Long-term data records derived from satellite remote sensing can be used to verify these reports, providing necessary analysis and documentation required to plan effective adaptation strategies. Remote sensing data can also provide some understanding of the spatial extent of these changes and whether they are likely to continue.
Given the agricultural nature of most economies on the African continent, agricultural production continues to be a critical determinant of both food security and economic growth (Funk and Brown, 2009). Crop phenological parameters, such as the start and end of the growing season, the total length of the growing season, and the rate of greening and senescence are important for planning crop management, crop diversification, and intensification.

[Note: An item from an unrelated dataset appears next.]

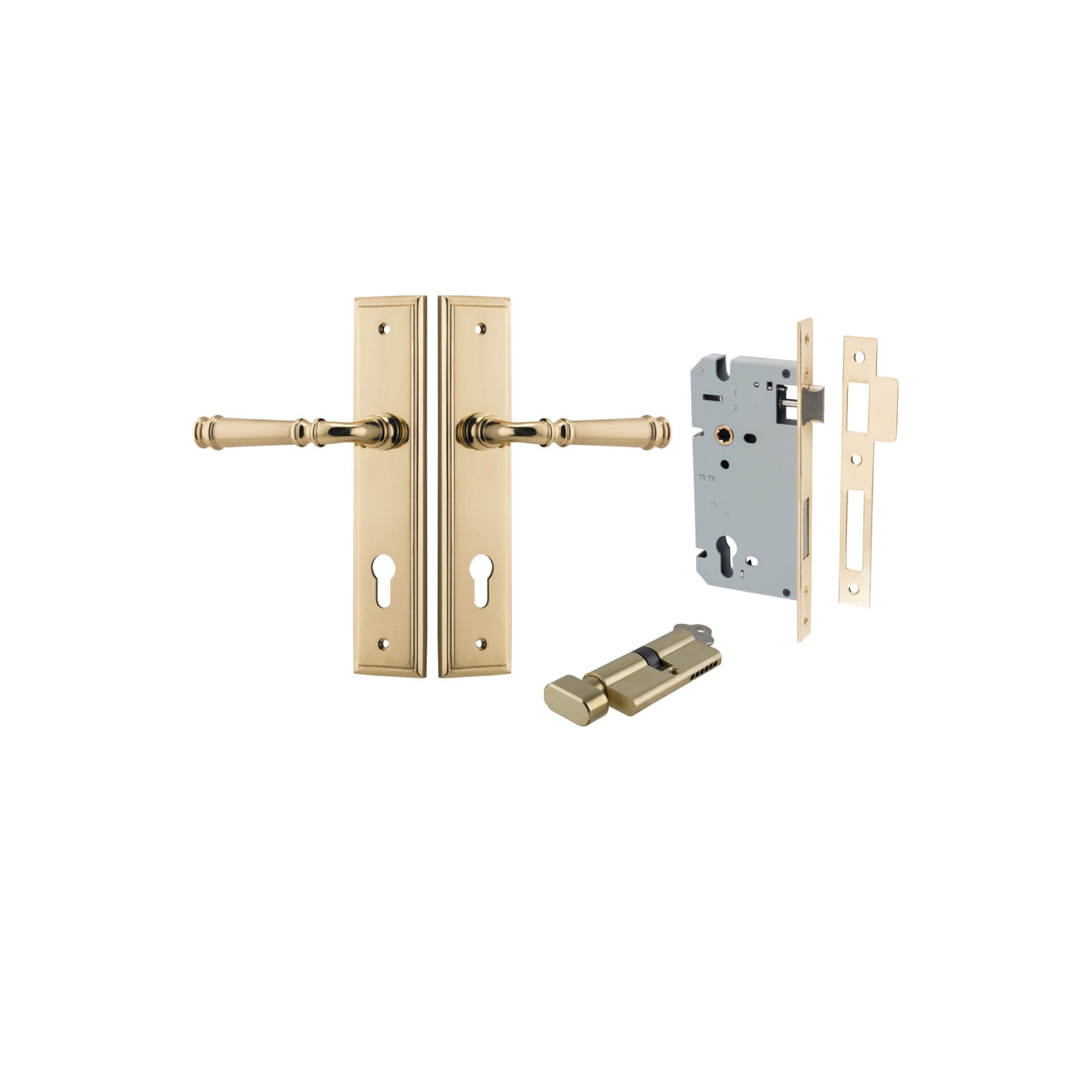 Verona Lever - Stepped Backplate - Ella Grace - Iver - Polished Brass - Door Levers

The World Food Summit of 1996 defined food security as: ”when all people at all times have access to sufficient, safe, nutritious food to maintain a healthy and active life”. Food security roughly depends on three factors: 1) availability of food; 2) access to food and 3) appropriate use of food, as well as adequate water and sanitation. The first factor is dependent on growing conditions and weather and climate. In a previous paper we have investigated this factor by evaluating the effect of large scale climate oscillation on land surface phenology (Brown et al., 2010). We found that all areas in Africa are significantly affected by at least one type of large scale climate oscillations and concluded that these somewhat predictable oscillations could perhaps be used to forecast agricultural production. In addition, we have evaluated changes in agricultural land surface phenology over time (Brown et al., 2012). We found that land surface phenology models, which link large-scale vegetation indices with accumulated humidity, could successfully predict agricultural productivity in several countries around the world.
In this chapter we are interested in the effect of variability in peak timing of the growing season, or phenology, on the second factor of food security, food access. In this chapter we want to determine if there is a link between market prices and land surface phenology and to determine which markets are vulnerable to land surface phenology changes and variability and which market prices are not correlated.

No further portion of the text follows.